This project aimed to analyze mainstream media coverage, specifically focusing on the current international conflict involving the Russia-Ukraine war. While countries have expressed their attitudes through official statements on the Russia-Ukraine conflict, their actions have not always aligned with these declarations. Economic deals, strategic movements, and national political decisions often reveal more complex or even conflicting attitudes. For instance, France initially expressed its strong support for Ukraine, including condemning Russia's actions in official statements. However, France continued significant purchases of Russian natural gas, suggesting a more complex position towards Russia-Ukraine war. This conflict between diplomatic statements and actions highlights the importance of examining not only official rhetoric but also concrete actions to truly understand a country's stance. Our project focused on monitoring and quantifying stances over time by analyzing mainstream news media coverage of diplomacy, specifically regarding Russia. By uncovering trends within media coverage, this project provided audiences with a data-driven perspective on nations' and media outlets' true stances over time.
This is a school project from Columbia University, EECS 6893 Big Data Analytics class, Group 19 source code.
We would like to thank Professor Dr. Ching-Yung Lin and TAs Apurva Patel and Linyang He for their guidance and support throughout this project.
This project was primarily developed by:
-
Anqi Wu
Email: [email protected] -
Zhanghao Ni
Email: [email protected]
Additionally:
- Zishun Shen contributed to the CNN data scraping part, implemented in the file:
1.4_cnn_scrap.py
.
Scripts and notebooks for data extraction from multiple sources:
- 1.1_api_NYT.ipynb: Retrieves data from the New York Times API.
- 1.2_RT_crawler.ipynb: Crawls articles from RT (Russia Today) website.
- 1.2_api_RT.ipynb: Fetches data from RT API.
- 1.3_api_guardian_bbc.py: Fetches data from The Guardian and BBC APIs.
- 1.4_cnn_scrap.py: Scrapes articles from CNN.
Combining and preprocessing extracted data for analysis:
- Processed_data_combine.ipynb: Combines processed data from various sources.
- Preprocessing DAGs for individual sources:
- bbc_preprocessing_dag.py
- cnn_preprocessing_dag.py
- guardian_preprocessing_dag.py
- rt_preprocessing_dag.py
Evaluation of different models for stance detection:
- Model_comparing_Anqi.ipynb: Compares the performance of various models.
Processes for enhancing data and training models:
- Data_Enhancement.ipynb: Prepares and augments data for improved analysis.
- Train and Analysis.ipynb: Trains models and analyzes results.
- label_tokenized.xlsx: Contains tokenized and labeled data.
- tunning_anqi_1208.ipynb: Fine-tunes model parameters for optimal performance.
Application of trained models to real-world data:
- Train and Analysis.ipynb: Performs final analysis on real-world datasets.
Scripts and data for visualizing analysis results:
- countryStance.js: Visualizes countries' stances as a network graph.
- dataset.js: Contains processed data for visualization.
- final_result.csv: Final results of the analysis.
- network.js: Generates an interactive network graph.
- processed_filtered_data.csv: Filtered data used in visualizations.
- result.csv: Summarized results.
- stance.js: Visualizes stance analysis results.
- Extracting data from multiple APIs and scraping sources.
- Preprocessing data to ensure consistency and quality.
- Training and fine-tuning machine learning models for stance detection.
- Visualizing results through dynamic and interactive network graphs.
The dataset used for this project is too large to be uploaded to the GitHub repository.

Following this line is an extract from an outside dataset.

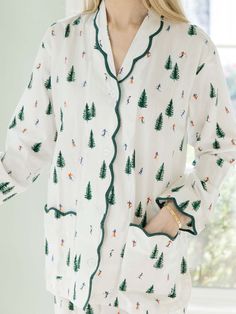 Did you know the average woman spends nearly 26 years of her life in bed? Make every one of those nights count with my flattering 2-piece ski print pajama set, designed for the ultimate beauty rest this holiday season. Handcrafted by skilled artisans, each set features exquisite hand-block printing on 100% soft, lightweight cotton. The straight-fit design, adorned with elegant scalloped edges, gives you a flattering, feminine look without being constricting — so you stay cool and comfortable all Pajamas Chrsimtas Outdoor Minicouple, Gray Bear Isle Pajamas, Luxury Winter Cotton Sets, Christmas Pajama Set Target, Cmas Pajamas, Luxury Green Summer Pant Set, Yellowstone Christmas Pajamas, Beige Christmas Pajamas, Ski Pajama Pants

You can access it through the following Google Drive link:
- Download Dataset
People with lionemail access are able to download and edit this. After downloading the dataset, adjust the file locations to match the paths expected by the scripts in this repository. Each script assumes specific file paths for the dataset. Some of the files were already upload in their desire folders.

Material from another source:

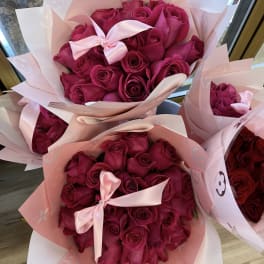 Bouquets of deep pink roses wrapped in pale pink paper with satin bows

- Data Extraction: Run scripts in the "Extracting Data" section to gather data from respective sources.
- Preprocessing: Use the DAG scripts in "Exploratory Data Analysis" to preprocess and clean the data.
- Model Training: Train models using notebooks in "Model Training" and fine-tune parameters for optimal performance.

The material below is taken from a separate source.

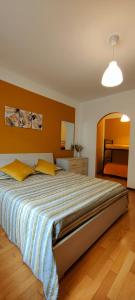1 dormitorio con 1 cama grande con almohadas amarillas en Chez Marie-Claire, en Montjovet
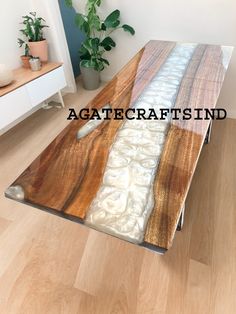 the table is made out of wood and has white paint on it, along with an interesting design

- Analysis: Apply models to real-world datasets and analyze results.
- Visualization: Use JavaScript files in "Result Visualization" to generate network graphs and other visualizations.
- Python 3.x
- Jupyter Notebook
- Required Python libraries (listed in respective notebooks/scripts)
- JavaScript runtime environment for visualization scripts
This repository is licensed under the MIT License. See the LICENSE file for details.